Most of all, find a way to put a nice radius on all your tools, and make sure the angles are kept intact when you do. On fine stuff, I put them on by hand with a stone cause I simply can't make .003 radii on a wheel. Remember when you cut, you're supposed to bury the radius. So, if you want to make decent looking cuts and not take a lot of material each pass, then ideally the radius needs to be smaller. I've got one particular boring bar I like to use for small work and I've got .003 and .007 radius tools for in it. There's a noticeable difference between the two when doing fine, slow work.

Last but not least, use the feed lever any time it's possible. I know it's not on the compound, but, think about it, if you don't maintain a consistent speed, then the tool angle is effectively changing every revolution, and it's no wonder a part looks ugly.
 
http://web.mit.edu/2.670/www/Tutorials/Machining/lathe/Description.html

This guide is ok, but a machinst manual would be better.

Some people get excited about a chip breaker, but I never liked using one much, it makes resharpening more of a pita. A right turn facing tool, 60 deg threading and a small carbide boring bar does everything I need to rebarrel a rifle. What can be achieved simply should not be complicated.

I'd post some pics of tools, but last time I did, people jumped all over me.

Ben
 
Jerry,

i read you post again and now see those bits are for crownings and reason for the amount of front and side clearance. i will try and grind similar. i use an quick change post on my 1440

Ron
 
Jerry,

thanks for the photos. do you use the lantern post?

I use the lantern type for some setups. Its according to what mood I'm in that day and how much rigidity I need. A lantern can be set up to be much more rigid than an Aloris type.

The Aloris type is much beefier but they have a great deal of overhang and it is outside the cross slide ways. The Aloris type can be set up to where it is almost inside the ways by setting the cam post to the right edge of the compound.
 
[Some people get excited about a chip breaker, but I never liked using one much, it makes resharpening more of a pita. A
Ben

A chipbreaker is more of a safety issue than to just break chips. I've seen fingers lost to a long stringy chip.
 
As I said before, it really depends on your lathe and how you run it. For me, if you want to ask specific angles, I'd say I grind the face to >5 deg (sounds similar to Jerry) and probably about 2.5-3 on the left. I again, blend the radius with a stone cause I suck at doing the small radii on a wheel, and I hate getting out the radius jig and setting it up. As bhnpr says, keep it simple.

After going to those angles, I'd use the tool height to find the sweet spot. (for od turning). Fact is, in chambering, none of the od work is all that critical. So who cares. It's going to be removed when you thread anyhow. The faces are the ones you want nice, and they're really not difficult. Just don't let a point on your tool. That's almost a certain disaster for the finish.

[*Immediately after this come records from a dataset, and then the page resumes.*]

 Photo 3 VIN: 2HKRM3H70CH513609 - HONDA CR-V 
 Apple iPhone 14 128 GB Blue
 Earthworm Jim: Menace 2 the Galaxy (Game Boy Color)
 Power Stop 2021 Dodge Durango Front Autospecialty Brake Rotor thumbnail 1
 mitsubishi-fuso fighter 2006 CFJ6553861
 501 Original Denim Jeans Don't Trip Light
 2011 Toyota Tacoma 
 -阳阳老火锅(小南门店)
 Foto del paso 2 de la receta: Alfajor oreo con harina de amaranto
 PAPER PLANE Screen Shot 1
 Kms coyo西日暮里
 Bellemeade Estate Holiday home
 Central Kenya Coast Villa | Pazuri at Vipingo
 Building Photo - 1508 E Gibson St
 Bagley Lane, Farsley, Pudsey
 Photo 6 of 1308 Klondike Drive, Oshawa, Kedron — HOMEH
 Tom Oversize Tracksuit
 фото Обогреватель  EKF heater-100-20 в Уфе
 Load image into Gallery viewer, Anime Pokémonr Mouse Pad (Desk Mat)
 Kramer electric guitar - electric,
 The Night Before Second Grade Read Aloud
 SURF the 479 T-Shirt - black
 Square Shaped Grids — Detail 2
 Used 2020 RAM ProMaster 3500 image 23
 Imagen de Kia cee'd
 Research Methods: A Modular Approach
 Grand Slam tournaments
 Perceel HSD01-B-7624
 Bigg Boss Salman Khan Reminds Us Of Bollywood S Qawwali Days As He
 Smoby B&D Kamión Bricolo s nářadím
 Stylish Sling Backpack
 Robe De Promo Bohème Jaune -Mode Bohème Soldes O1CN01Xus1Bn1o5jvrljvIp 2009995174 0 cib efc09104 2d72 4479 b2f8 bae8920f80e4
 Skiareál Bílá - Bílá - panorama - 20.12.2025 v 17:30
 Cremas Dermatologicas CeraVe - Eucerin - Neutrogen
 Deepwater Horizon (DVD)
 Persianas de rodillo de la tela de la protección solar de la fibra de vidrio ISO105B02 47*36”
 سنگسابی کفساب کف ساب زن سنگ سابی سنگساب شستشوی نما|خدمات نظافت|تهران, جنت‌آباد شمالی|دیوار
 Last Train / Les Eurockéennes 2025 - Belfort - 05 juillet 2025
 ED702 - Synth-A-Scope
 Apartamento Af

If you end up with more face angle, all you do is raise the tool to compensate, and the more you raise it, the more you've made a top relief angle without grinding one. If you follow what I mean. Ultimately, at some point you want the ground surface to help maintain the cut depth. The last thing you want is for the tool to grab. Avoid that and all else is fine. On faces of solid parts, this is most likely when you have the tool below center, and the diameter is reduced to where the part pulls the carriage forward under it. wham, bam, pow... that's bad.
 
As an aside, IIII MMMM OOOO, I really don't think the angles are critical at all. They can be fixed with the tool setup. The part that makes or breaks a finish is nice radii.